コーヒーを量増しする行為は「万引き」になる
昨年12月、福岡県飯塚市のコンビニでレギュラーコーヒー(110円)を購入し、カフェラテ(190円)を注いだ50代女性が万引きした疑いで逮捕されたニュースが話題になりました。
また、今年1月には、兵庫県高砂市の市立中学の男性校長がコンビニのセルフコーヒーでレギュラーサイズ(110円)のカップにラージサイズ(180円)の分量を注ぎ入れる「量増し」による万引きを繰り返し、書類送検されて懲戒免職になったニュースも報じられました。
これらのニュースを耳にした方の中には
「なぜ、詐欺ではなく万引きになるのか?」
「ボタンを押し間違えてしまった場合も罪に問われてしまうのか?」
「数十円や数百円分の万引きで逮捕や免職されるのは行き過ぎではないか?」
といった疑問を持たれる方もおられるのではないでしょうか。
本記事では、上記のような疑問について、法的な観点から解説します。
コーヒーマシンはコンビニが占有する財物
万引きというのは一般用語であり、法律上は窃盗罪の一種です。窃盗罪は刑法第235条で「他人の財物を窃取した者は、窃盗の罪とし、10年以下の懲役又は50万円以下の罰金に処する」と規定されています。

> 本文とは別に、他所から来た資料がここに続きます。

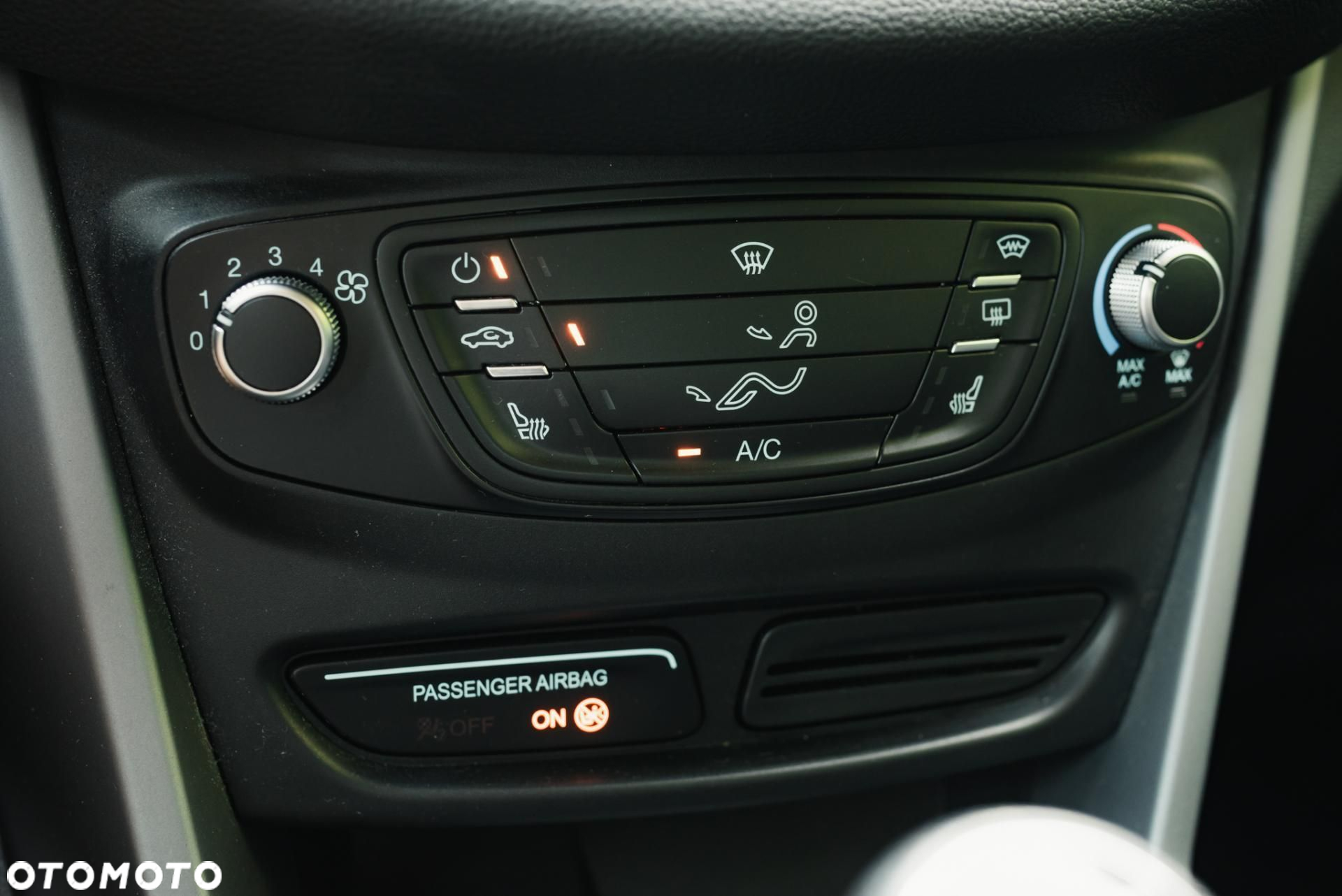 Ford B-MAX - 22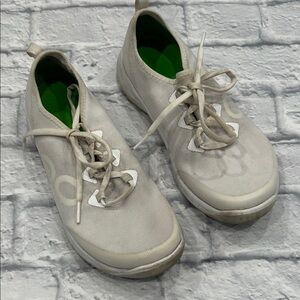 Women's White OOFOS Recovery Sneakers Size 9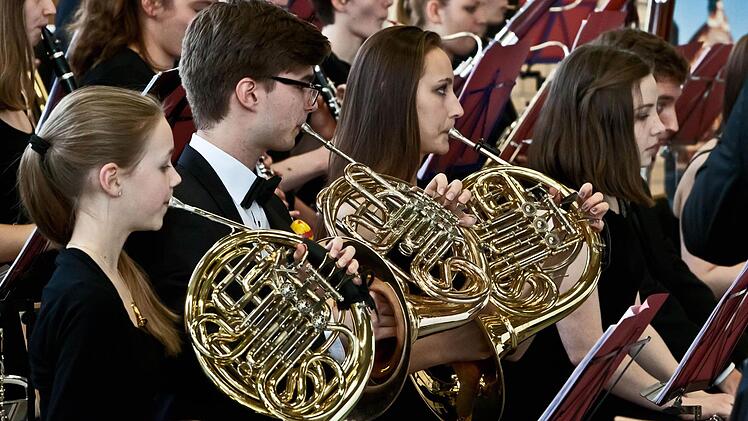 Unter der Leitung von Till Fabian Weser gastierte das Jugendsymphonieorchester Oberfranken erstmals in Bad Rodach.Foto: Jochen Berger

窃盗罪が成立するためには以下の4つの要件を満たす必要があります。
① 他人の占有する財物であること
② ①を窃取すること
③ 故意があること
④ 不法領得の意思があること
一つ一つの要件について詳しく解説していきましょう。
① 他人の占有する財物であること
「占有」とは、お金や品物を管理・支配している状態のことです。直接手に持っていたり身に着けたりしていなくても、お金や品物をコントロールできる状態ならば「占有している」とみなされます。
冒頭のニュースで検討すると、コンビニに設置されているコーヒーマシン内のコーヒーやカフェラテはコンビニが管理・支配しているので、①の要件を満たします。